Jeff Green Breaks Out Against Former Team, Combines With Paul Pierce to Make Tough Night for Kevin Durant

by abournenesn

Nov 24, 2012

BOSTON — Jeff Green found the concept baffling. His good friend and former teammate, Kevin Durant, dropped 29 points against him, yet it was suggested that he and Paul Pierce had teamed up to make the Oklahoma City Thunder forward’s night miserable.

“He still got 37 points,” Green said, before he was quickly told Durant’s actual scoring total. “Close to 30, whatever. We just tried to make every shot for him tough. He’s damn near 7-foot, but the handle that he’s got and the way he can shoot, it’s tough. You’ve just got to make every shot tough for him.”

While Green downplayed his performance, his teammates and coach noted his contributions to the Celtics’ rousing 108-100 victory over his former team on Friday. Green had shown flashes of brilliance in the first 12 games of the season, but until the Thunder came to town, he had yet to register a complete game in which he was consistent at both ends of the floor. In leading Boston’s bench with 17 points, Green provided the occasional highlight but also hounded Durant offensively, as well as defensively.

As Green eases his way back in his return from heart surgery last January, he has seemed hesitant at times to assert himself and possibly upset team chemistry. Moments like his brutal dunk on Al Jefferson have been few. Perhaps the signature image of Green’s season thus far is him beating his defender with his quick first step, only to suddenly slow up or pass away.

Against the Thunder, Green’s hesitation was nowhere to be found. He scored all of his points on plays called for someone else, according to Celtics coach Doc Rivers, and did not score when his number was called. Rivers took that as a sign of Green’s adjustment to feeling the game. He attacked when necessary, not when Rivers told him to. The impact of Green’s aggressiveness on the team was evident in the final score, according to Kevin Garnett.

“Jeff makes our team better when he’s aggressive,” Garnett said. “We’re still trying to get him to be consistent. He’s dealing with ailments none of us have ever experienced, obviously, coming back from major surgery, so we just have to be very patient with that.”

But Green has not asked for his teammates’ patience. He exhausted any patience he had while watching the Celtics play a full season without him. During that time, he has said, he looked forward to being a vital part of the game plan like he was Friday, when Rivers was able to alternate sending the herky-jerky Pierce and the smoother, more casual-looking Green at Durant. The varying looks were effective in keeping Durant off-balance and led to him picking up his third foul with just under five minutes left in the first half.
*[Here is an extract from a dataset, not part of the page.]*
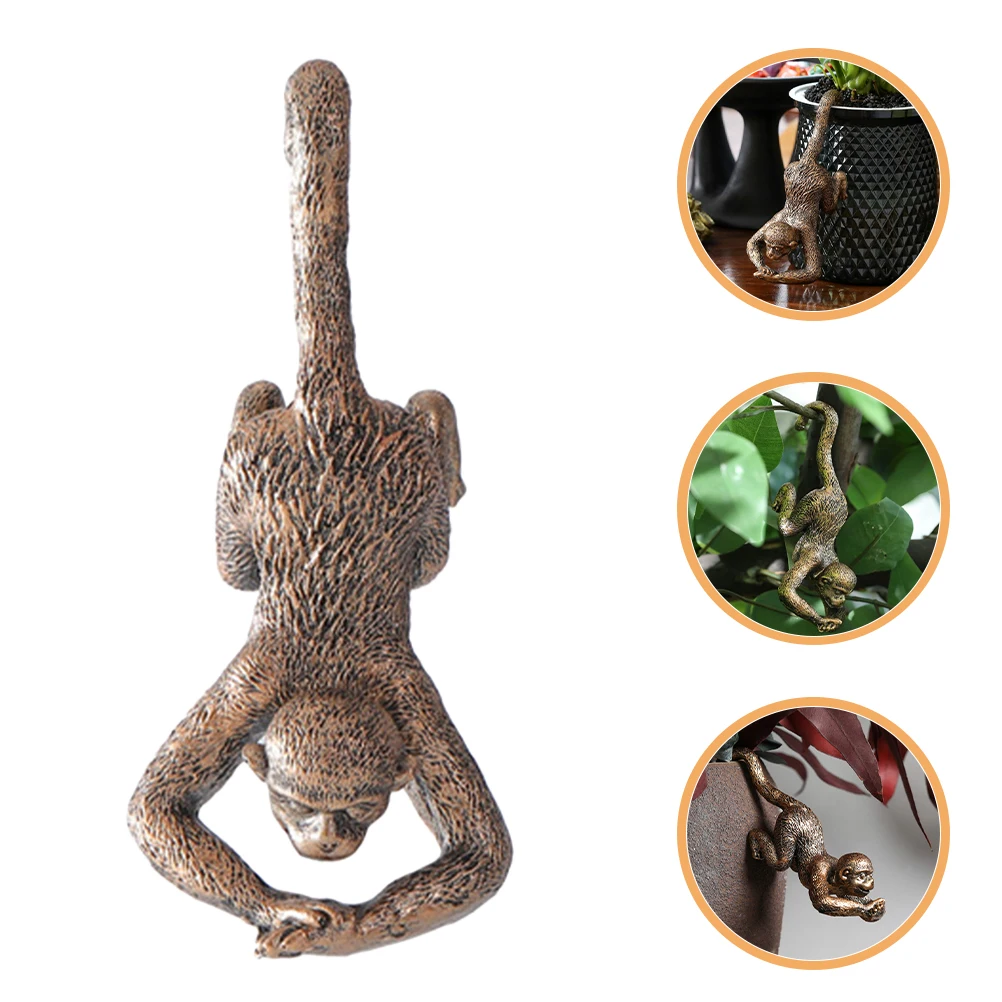 Lifelike Resin Monkey Decor Creative Design Garden Ornament Indoor Outdoor Pendant Garden Decorations Yard Decors
Lifelike Resin Monkey Decor Creative Design Garden Ornament Indoor Outdoor Pendant Garden Decorations Yard Decors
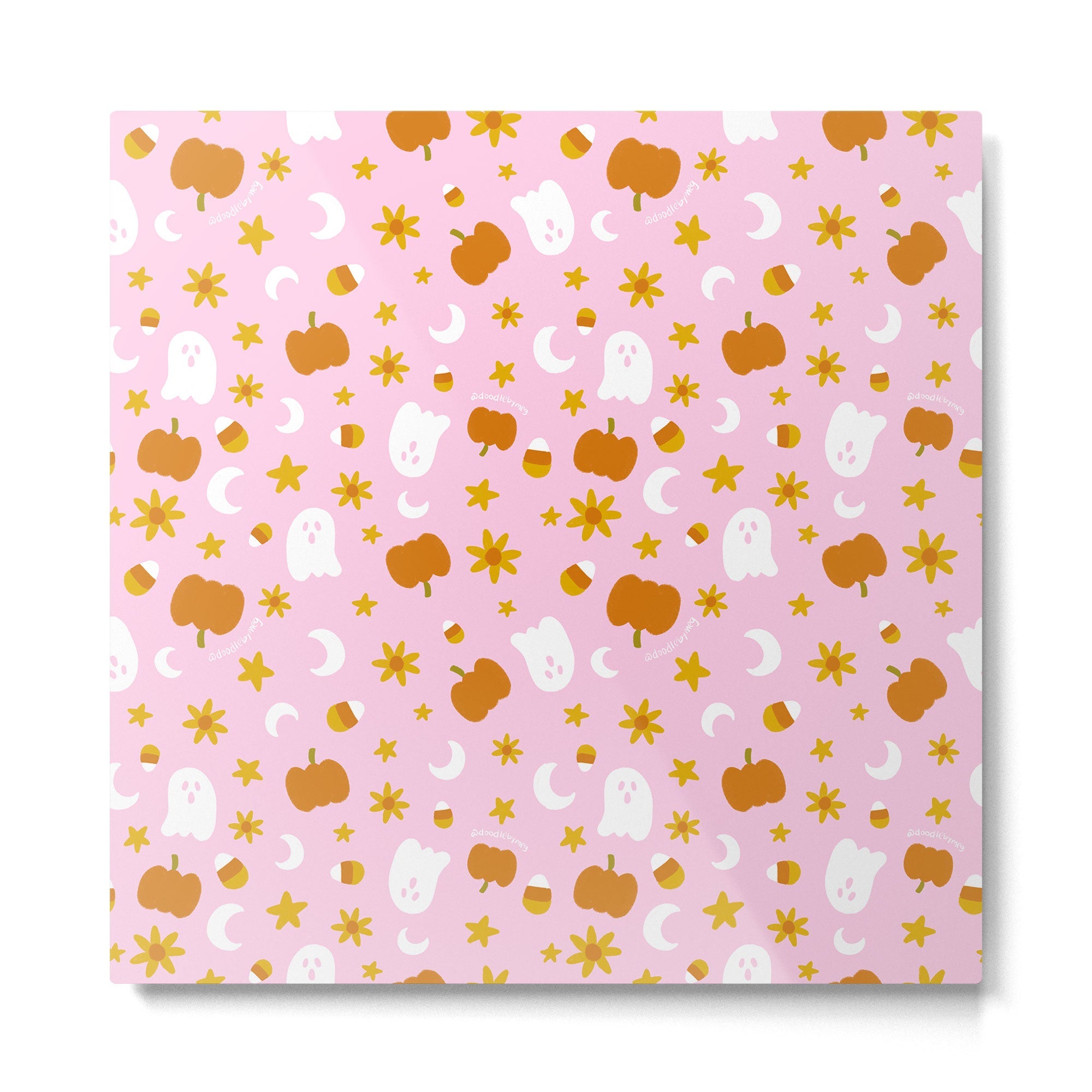 Is It Fall Yet in Pink Metal Print | TeksDecor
“You want to make him work in everything you do,” Pierce said. “When you have a guy who can score the ball and is such a dominant player like he is on offense, you want to make him work on the defensive end. That’s what we tried to do, give him different looks with myself and Jeff. We did a lot of isolating on him in the post or sending him off down-screens, and that can be tiring on a guy who’s a volume scorer.”

There will never be any stopping Durant. Rivers mentioned before the game that true scorers can score anywhere, regardless of the setting or the system. Well before the jump ball ever went up, Durant was destined to score 20-something points.

With Green’s assistance, however, the Celtics were able to slow Durant enough to edge the defending NBA finalists. Against the second-best player on the planet, that really is all anybody can ask.